▶ _PROBLEM_:
Return all records exactly. Nothing may be added.

==== INPUT ====

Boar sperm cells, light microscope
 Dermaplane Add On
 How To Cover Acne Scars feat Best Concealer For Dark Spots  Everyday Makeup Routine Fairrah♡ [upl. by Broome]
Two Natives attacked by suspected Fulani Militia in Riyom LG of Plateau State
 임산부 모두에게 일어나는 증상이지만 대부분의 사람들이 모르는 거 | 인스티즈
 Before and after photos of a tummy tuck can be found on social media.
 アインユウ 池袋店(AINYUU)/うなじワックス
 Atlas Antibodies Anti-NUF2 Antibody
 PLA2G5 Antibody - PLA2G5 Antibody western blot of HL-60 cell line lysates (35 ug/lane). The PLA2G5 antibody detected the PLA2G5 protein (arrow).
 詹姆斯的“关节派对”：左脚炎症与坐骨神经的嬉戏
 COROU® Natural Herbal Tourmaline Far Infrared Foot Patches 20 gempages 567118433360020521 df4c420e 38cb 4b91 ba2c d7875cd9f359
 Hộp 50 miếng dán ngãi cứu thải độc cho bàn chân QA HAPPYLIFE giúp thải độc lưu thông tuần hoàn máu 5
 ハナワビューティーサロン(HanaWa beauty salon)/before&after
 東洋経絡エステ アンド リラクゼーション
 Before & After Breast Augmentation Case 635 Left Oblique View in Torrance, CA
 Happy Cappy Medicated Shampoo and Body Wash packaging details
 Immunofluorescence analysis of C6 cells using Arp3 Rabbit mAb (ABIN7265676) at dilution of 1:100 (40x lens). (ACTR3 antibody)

====

▶ _RESULT OF THIS TASK_:
Boar sperm cells, light microscope
 Dermaplane Add On
 How To Cover Acne Scars feat Best Concealer For Dark Spots  Everyday Makeup Routine Fairrah♡ [upl. by Broome]
Two Natives attacked by suspected Fulani Militia in Riyom LG of Plateau State
 임산부 모두에게 일어나는 증상이지만 대부분의 사람들이 모르는 거 | 인스티즈
 Before and after photos of a tummy tuck can be found on social media.
 アインユウ 池袋店(AINYUU)/うなじワックス
 Atlas Antibodies Anti-NUF2 Antibody
 PLA2G5 Antibody - PLA2G5 Antibody western blot of HL-60 cell line lysates (35 ug/lane). The PLA2G5 antibody detected the PLA2G5 protein (arrow).
 詹姆斯的“关节派对”：左脚炎症与坐骨神经的嬉戏
 COROU® Natural Herbal Tourmaline Far Infrared Foot Patches 20 gempages 567118433360020521 df4c420e 38cb 4b91 ba2c d7875cd9f359
 Hộp 50 miếng dán ngãi cứu thải độc cho bàn chân QA HAPPYLIFE giúp thải độc lưu thông tuần hoàn máu 5
 ハナワビューティーサロン(HanaWa beauty salon)/before&after
 東洋経絡エステ アンド リラクゼーション
 Before & After Breast Augmentation Case 635 Left Oblique View in Torrance, CA
 Happy Cappy Medicated Shampoo and Body Wash packaging details
 Immunofluorescence analysis of C6 cells using Arp3 Rabbit mAb (ABIN7265676) at dilution of 1:100 (40x lens). (ACTR3 antibody)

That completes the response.